** DATA UNDER STUDY follows **

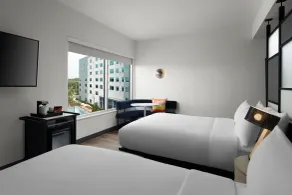 Aloft by Marriott Orlando at SeaWorld - Vue de la chambre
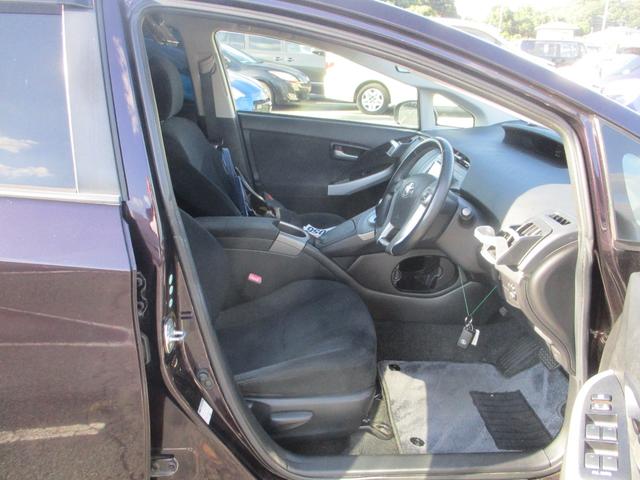 プリウス S 車検9年6月 ディスチャージ 社外ナビ・TV・Bカメラ TRDスポイラー 社外アルミホイール(25枚目)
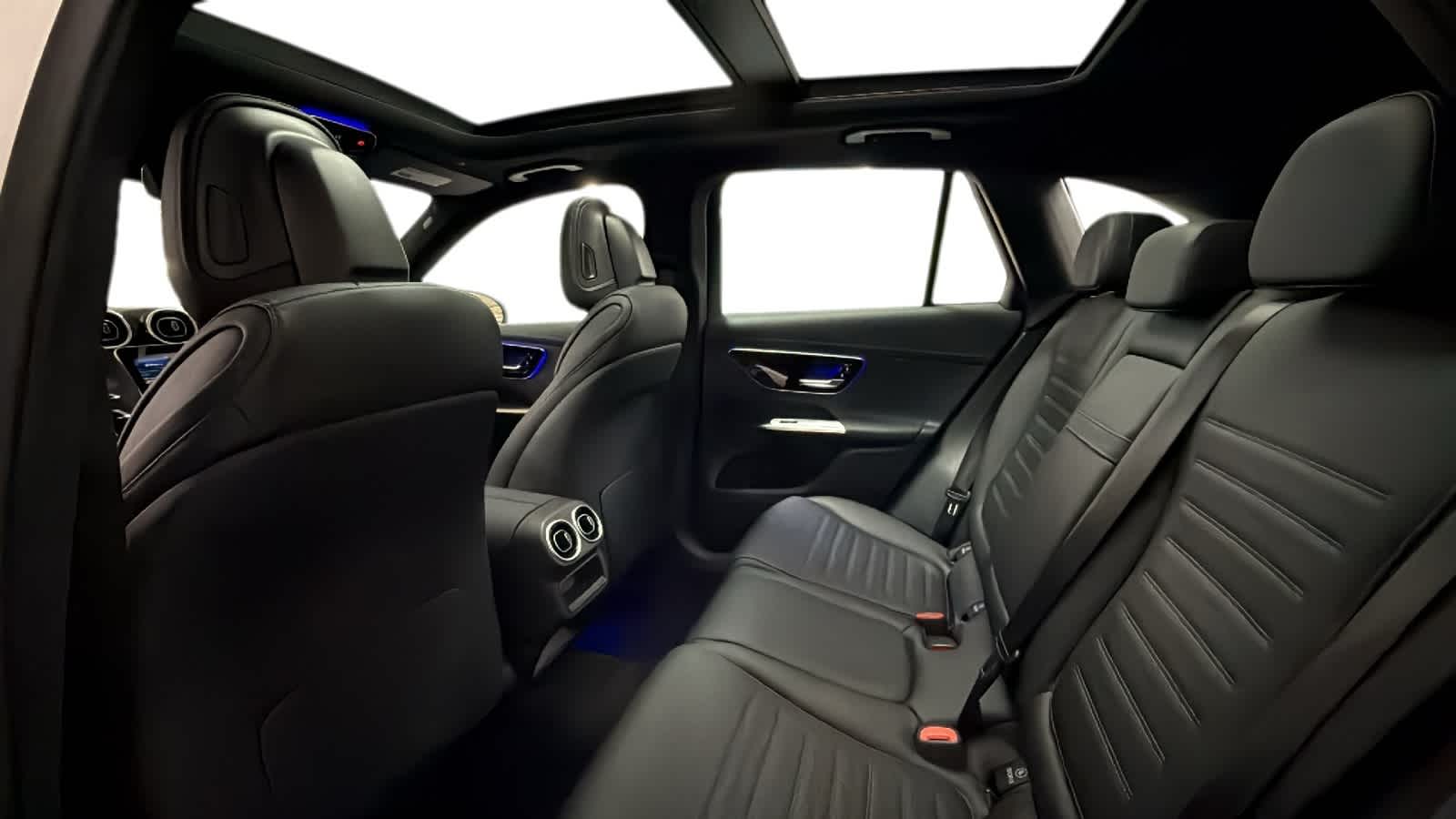 Thumbnail: 2026 Mercedes-Benz GLC - 5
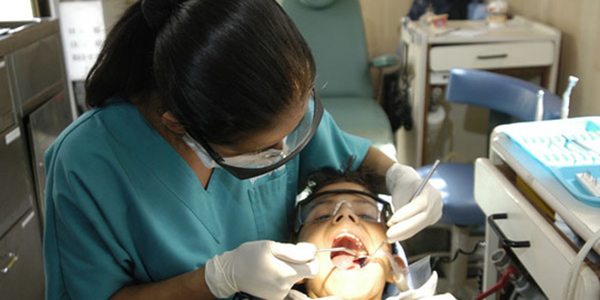 Esenciales para la salud bucal, son las limpiezas dentales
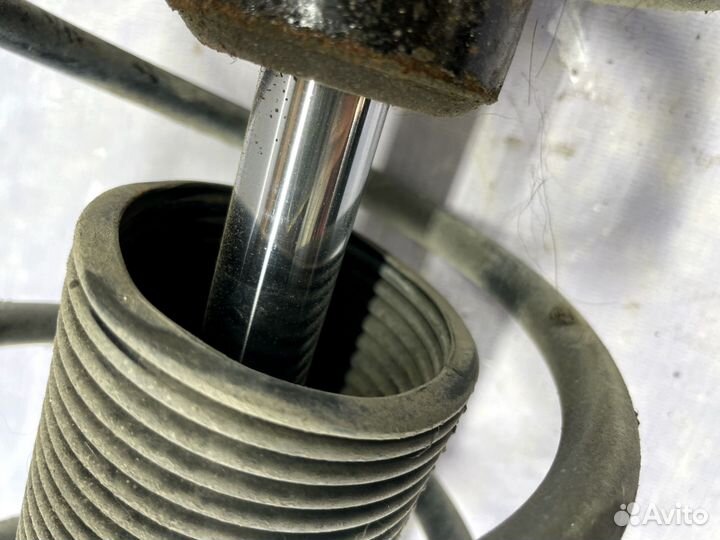 Стойка амортизатора передняя Nissan Wingroad Y11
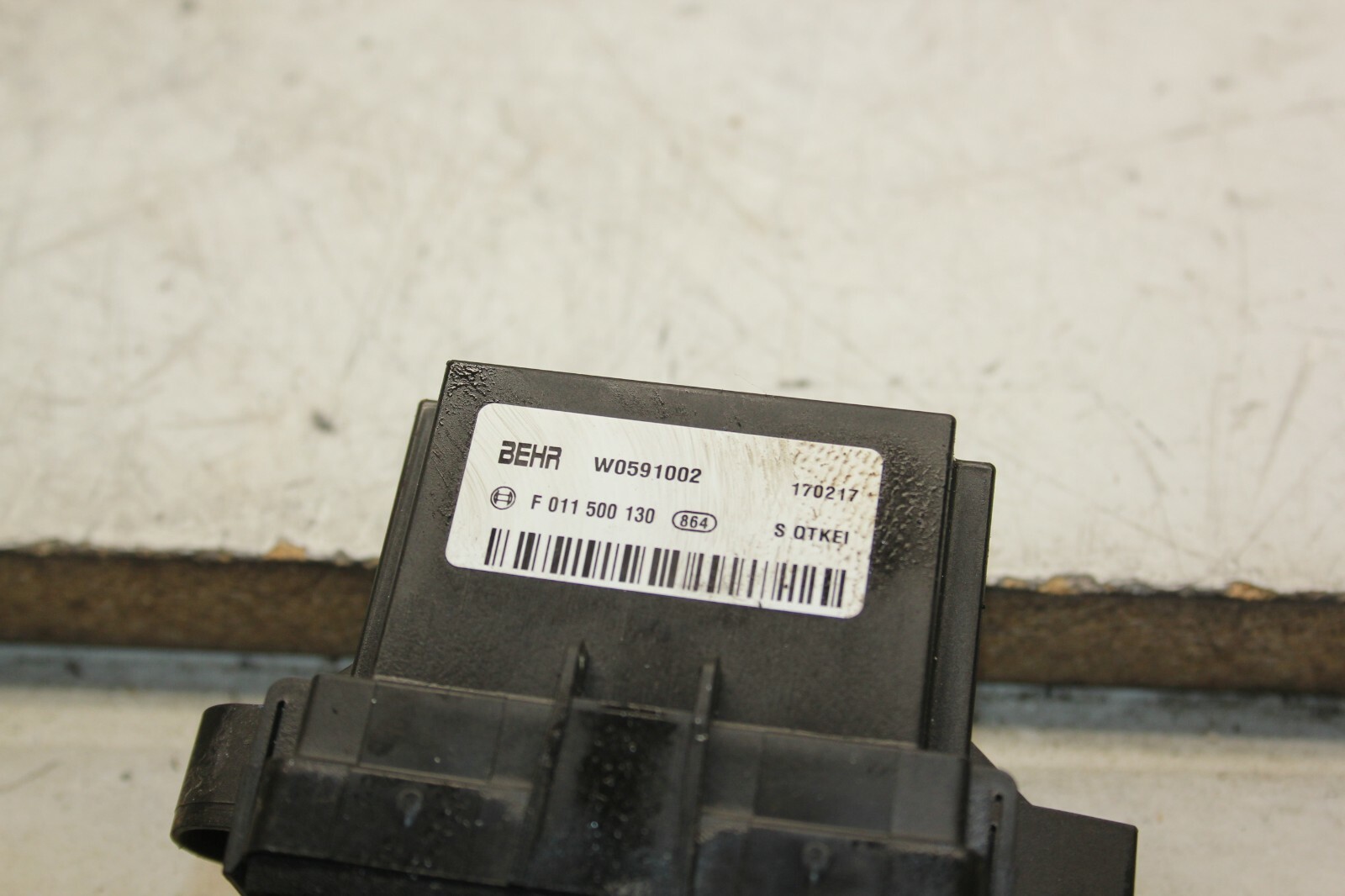 2014-2017 MASERATI GHIBLI HEATER BLOWER MOTOR RESISTOR MODULE (186)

** End of DATA UNDER STUDY **

__WHAT TO DO__: From the line with "Esenciales para la" to the last line above, restate each line word for word, but skip the pictures.

__WRITTEN ANSWER__:
 Esenciales para la salud bucal, son las limpiezas dentales
 Стойка амортизатора передняя Nissan Wingroad Y11
 2014-2017 MASERATI GHIBLI HEATER BLOWER MOTOR RESISTOR MODULE (186)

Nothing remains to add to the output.